Grömbach. Der geplante Ausbau der Unteren Straße in Grömbach löste in der jüngsten Sitzung des Gemeinderats eine lebhafte Diskussion aus. Tobias Rau vom Büro Kirn Ingenieure war per Skype zugeschaltet und informierte die Ratsmitglieder. Die Beschlüsse wurden für die fünf Unterpunkte einzeln gefasst.

Bei der Überprüfung der Tiefbauleitung wie Kanal und Wasser sowie beim Aufbau der Unteren Straße waren zahlreiche Schäden entdeckt worden, die die Sanierung und den Ausbau dieses Bereichs erforderlich machen. Zuschussanträge wurden sowohl für die Wasserversorgung als auch für die Abwasserbeseitigung gestellt.
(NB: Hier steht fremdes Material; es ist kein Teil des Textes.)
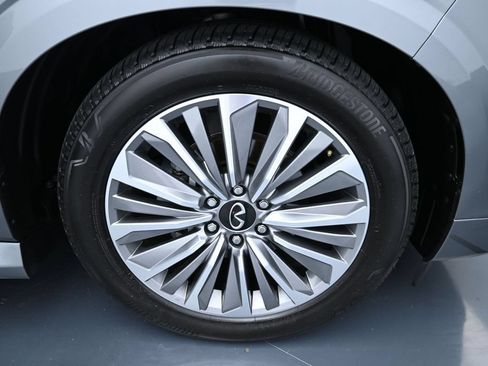 Used 2025 INFINITI QX80 Sensory AWD/4WD image 16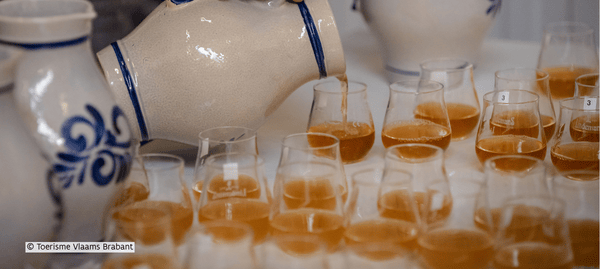 Afbeelding van het uitschenken van Geuze Afbeelding van het uitschenken van Geuze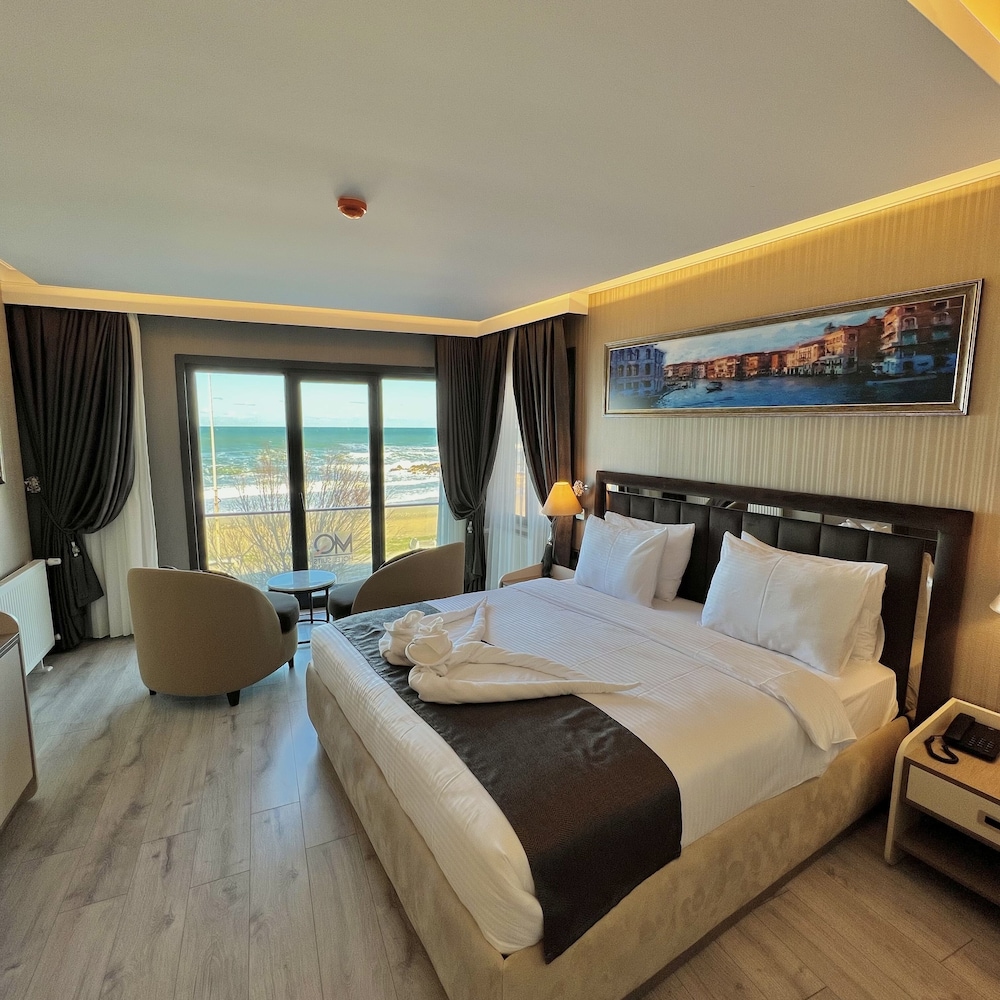 Deluxe Double Room - Photo 1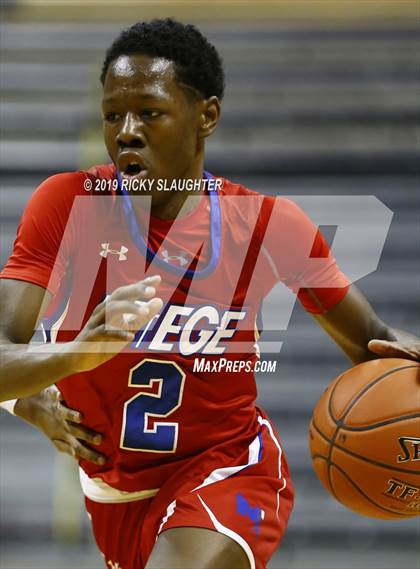 Thumbnail 3 in Cardinal Ritter College Prep vs. Bishop Miege photogallery.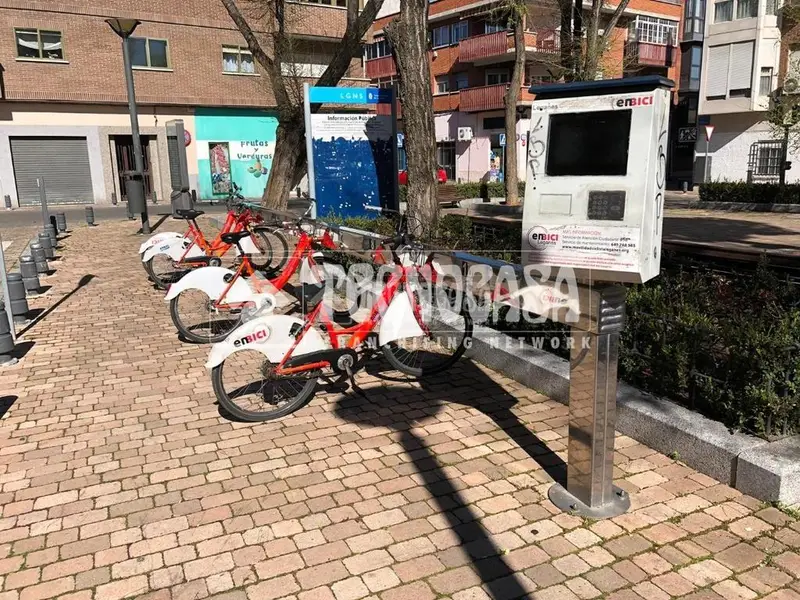 Box/plaza de garaje en venta en Centro - Escritores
Laut Zuwendungsbescheid vom 16. Juli 2019 bekommt die Gemeinde für den Bereich Abwasser einen Zuschuss über 792 800 Euro. Darüber hinaus erhält sie aus dem Ausgleich­stock 283 000 Euro. Zur Erneuerung der Wasserleitung wurde ebenfalls ein Förderantrag gestellt. Außerdem wurde der Gemeinde Grömbach genehmigt, vorzeitig – ohne Förderbescheid – mit dem Bau zu beginnen. Die Ausbauplanung wurde mit dem Gemeinderat vorbesprochen und den Anliegern in einer Informationsveranstaltung Anfang Dezember vorgestellt.

Der vordere Bereich der Unteren Straße ist als historische Straße einzustufen, wie die Erschließungsbeitragsprüfung durch das Kommunalamt Freudenstadt als Rechtsaufsichtsbehörde ergab. Dies betrifft den Abschnitt von der Einmündung Erzgruber Straße bis einschließlich Flurstück Nummer 36/3 beziehungsweise gegenüberliegend Nummer 58. Für diesen Teilbereich der Straße, der schon zum Stichtag 1. Januar 1873 als Anliegerstraße fungierte, können folglich keine Erschließungsbeiträge erhoben werden.
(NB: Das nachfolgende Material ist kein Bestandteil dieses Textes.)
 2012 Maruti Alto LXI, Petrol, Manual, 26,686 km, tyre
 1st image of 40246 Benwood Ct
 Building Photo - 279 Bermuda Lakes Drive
Anders verhält es sich hingegen für den anschließenden Abschnitt bis zum Flurstück 54/2 und gegenüberliegend 45. Dort entsteht eine Erschließungsbeitragspflicht. Für die sich anschließenden Grundstücke mit den Flurstücknummer 53 und 535 wurden die Erschließungsbeiträge bereits 1983 erhoben. Sie werden nicht erneut zur Zahlung veranlagt.

Rat beschränkt sich auf das absolut Notwendige

Zunächst war geplant, die Untere Straße, beginnend bei der Einmündung zur Erzgruber Straße bis zur Höhe des Flurstücks 553/3 beziehungsweise 482 endgültig auszubauen, also eine komplette Neuverlegung der Abwasserkanäle, der Wasserversorgung, der Stromversorgung sowie der Telekommunikationsleitungen vorzunehmen. Der Gemeinderat sprach sich jetzt jedoch mit fünf Ja-Stimmen lediglich für eine Ertüchtigung des absolut Notwendigen aus. Ratsmitglied Michael Hamann nahm wegen Befangenheit weder an der Beratung noch an der Abstimmung teil.
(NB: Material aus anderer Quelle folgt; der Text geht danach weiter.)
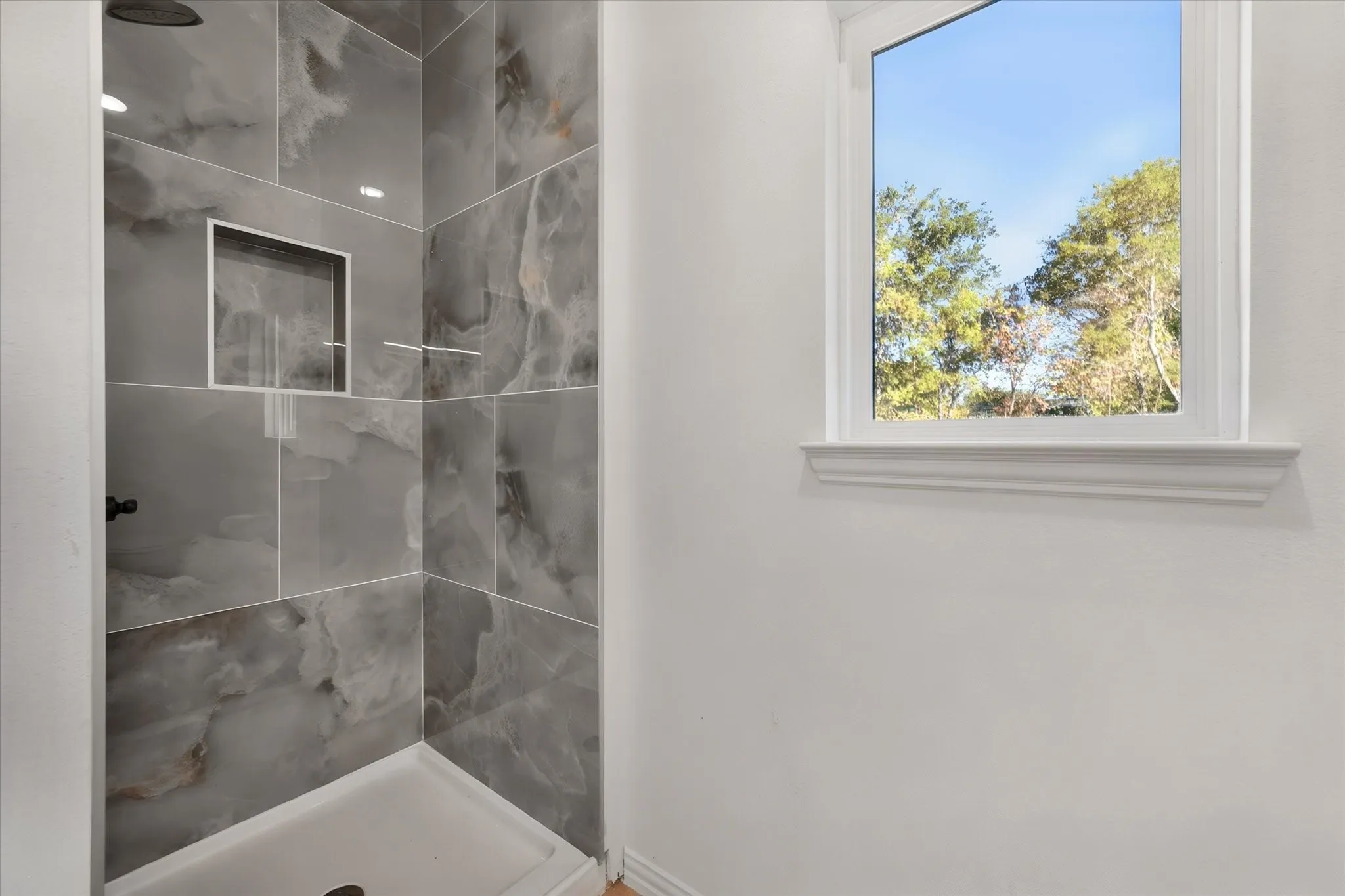Single Family Residence For Sale in Navarro County , 1100 E Collin Street, Corsicana, Texas 75110, 3 Bedroom, 2 Bathroom, Garage spaces, 1,511 Sqft, built in 2026, mls#21377599, Real Estate Agent in Corsicana, Homes For Sale in Navarro county, Homes For Sale in Corsicana, Realtor in Corsicana Texas, Real Estate Brokerage Independent Realty Texas, Luminita Cordes Realtor
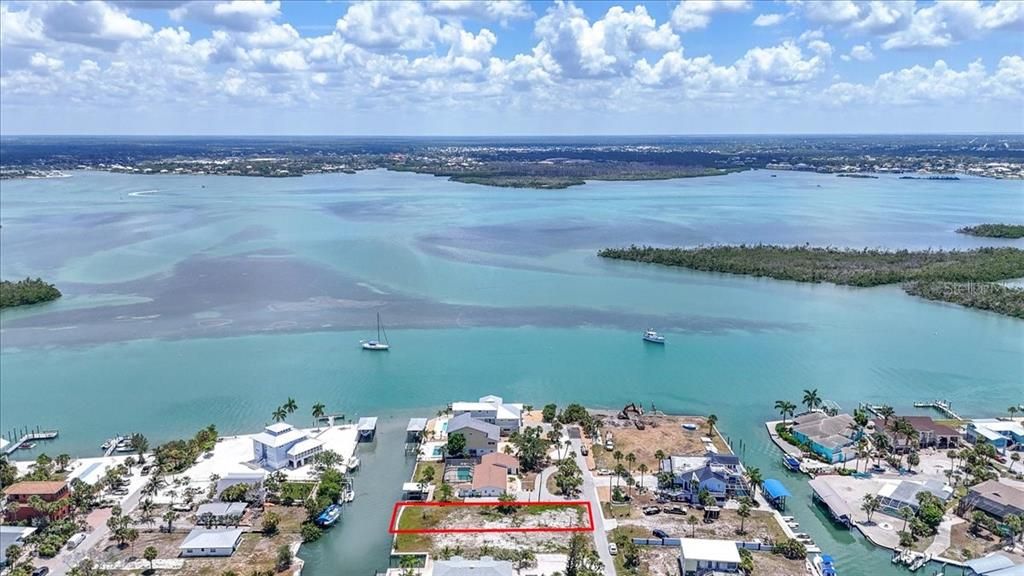 En Venta: $3,199,999 (4 camas, 3 baños, 4002 Pies cuadrados)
Ebenfalls einstimmig beschloss das Gremium, die Verwaltung mit der Ausschreibung der Maßnahme zu beauftragen. Mit drei Ja-Stimmen, einer Enthaltung und einer Gegenstimme stellte der Gemeinderat fest, dass eine Abwägung der wechselseitigen öffentlichen und privaten Interessen und Belange nach dem Baugesetzbuch stattgefunden habe und diese gegeneinander und untereinander gerecht abgewogen worden seien.

Nicht zugestimmt hat der Gemeinderat (eine Ja-Stimme, vier Nein-Stimmen) einer Widmung der Unteren Straße als Gemeindestraße. Abgelehnt wurde mit dem gleichen Abstimmungsergebnis auch eine Abschnittsbildung für den beitragspflichtigen Teil der Unteren Straße.